(Bir hata yüzünden bu bölümü sildim ve tekrar yükledim.Rahatsızlık için özür dilerim.)
(Okumanızı tavsiye ederim.)
Başlarda bende her çocuk gibi oyunları severdim.İlerideki hayalim bir maceracı olmaktı ya da kendi sınıfımda üst sınırlara ulaşıp kahramanın yanında olmaktı .
Bu hayalimle her gün eğitim alıyordum.Okulumdan çıkıp evime gider aileme ne öğrendiğimi anlatırdım.
Babam hep benimle ne kadar gurur duyduğunu söylerdi.
''Benim kızım büyüdüğünde çok büyük birisi olacak.Onla o kadar gurur duyacağımki Kralın yanında bile onunla övüneceğim.Hahaha..''
''Tatlım biraz fazla heyecanlanmıyor musun ? El,Sen ona bakma.Emin adımlarla büyümeye bak ve her zaman kendine dikkat et.''
Annem her zaman benim için endişelenirdi.Çünkü eğitimlerimizin bir parçasıda canavar avıydı.Düzenli olarak yakınlardaki zindana giderdik.
Bizim olduğumuz köy Din Ülkesine birkaç saatlik yoldaydı.Ancak Ay ülkesinede yakın olduğumuz için etrafımıza 10'a yakın zindan vardı.
Bizede bunların arasından önce en güçsüzünden,sırayla gücünü yükseleterek eğitim verirlerdi.Günümüz böyle geçerdi
Ta ki O gün geleseye kadar .
Normal bir gündü.Gece olduğunda zindandan dönüyorduk.
Arkadaşlarımızla şakaşarak,yarın ne yapacağımızı konuşarak köyümüze gidiyorduk fakat birkaç saniye sonra bu gülüşler soldu.
Çünkü köyümüz yangın içindeydi ancak kimse söndürmeye gitmedi çünkü yangın bir savaştan dolayı çıkmıştı.
Etraf Şeytanlarla doluydu.Siyah,kırmızı derili,gözü dönmüş sadece katliam bilen canavarlardı.

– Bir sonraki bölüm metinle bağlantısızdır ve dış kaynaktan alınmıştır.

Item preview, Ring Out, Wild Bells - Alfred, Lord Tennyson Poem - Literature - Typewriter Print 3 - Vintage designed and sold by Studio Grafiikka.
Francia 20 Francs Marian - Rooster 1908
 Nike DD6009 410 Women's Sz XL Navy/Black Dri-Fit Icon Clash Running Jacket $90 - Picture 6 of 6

Bazılarının boyları o kadar büyüktüki,köyümüzün en büyük binası olan kilisenin boyu kadardı.
Böyle canavlar ellerinde insan cesetleri ile etrafa yıkım getiriyordu.
''Anne,Baba''
Tek düşünebildiğim ailemdi.Hızlıca köye doğru koştum
Öğretmenimiz beni durdurmaya çalıştı fakat başaramadı.Köye daldım ve evimize gitmeye başladım.
''El,Gelme buraya ! Kaç,Git''
Babam amansızca Şeytanlarla savaşarak annemi koruyordu.Annem ise arkada belini duvara vermiş şekilde duruyordu.
''Baba!!''
''Gelme El.Gi-''Annem tam başka birşey söylecekken duvardan kırmızı bir el çıktı ve annemin göğsünü deldi.
Bom.
Arkadaki duvar patladı ve insana benzeyen bir Şeytan annemin kalbini söktü ve kalbini patlattı.
''Lizaa!!!!''
''ANNEE!!''
Babam çıldırmış gibi şeytana atladı ve onu ikiye böldü fakat arkadan başka Şeytanlar geldi ve onun üstüne çullandı.
Ağlamaktan başka birşey yapamıyordum.
Şeytanlar beni sonunda fark etmişlerdi fakat ben hareket edecek gücü kendimde bulamadım ve yere yığıldım
Bir şeytan üstüme atladı.O sırada belkide ölümün o kadar kötü olmayacağını düşünmüştüm fakat beni altın bir kalkan sardı ve havada sürüklemeye başladı.
''Arındır.''
Devasa bir haç havada belirdi ve Köyümüze saplandı.Bütün Şeytanlar feryat ederek ölmeye başladılar.
''Üzgünüm yavrum.Zamanında gelemedik.''Rahibeye benzeyen bir kadın beni kucağına aldı.Ancak ben ona boş gözlerle bakıyordum ve sonra bayıldım.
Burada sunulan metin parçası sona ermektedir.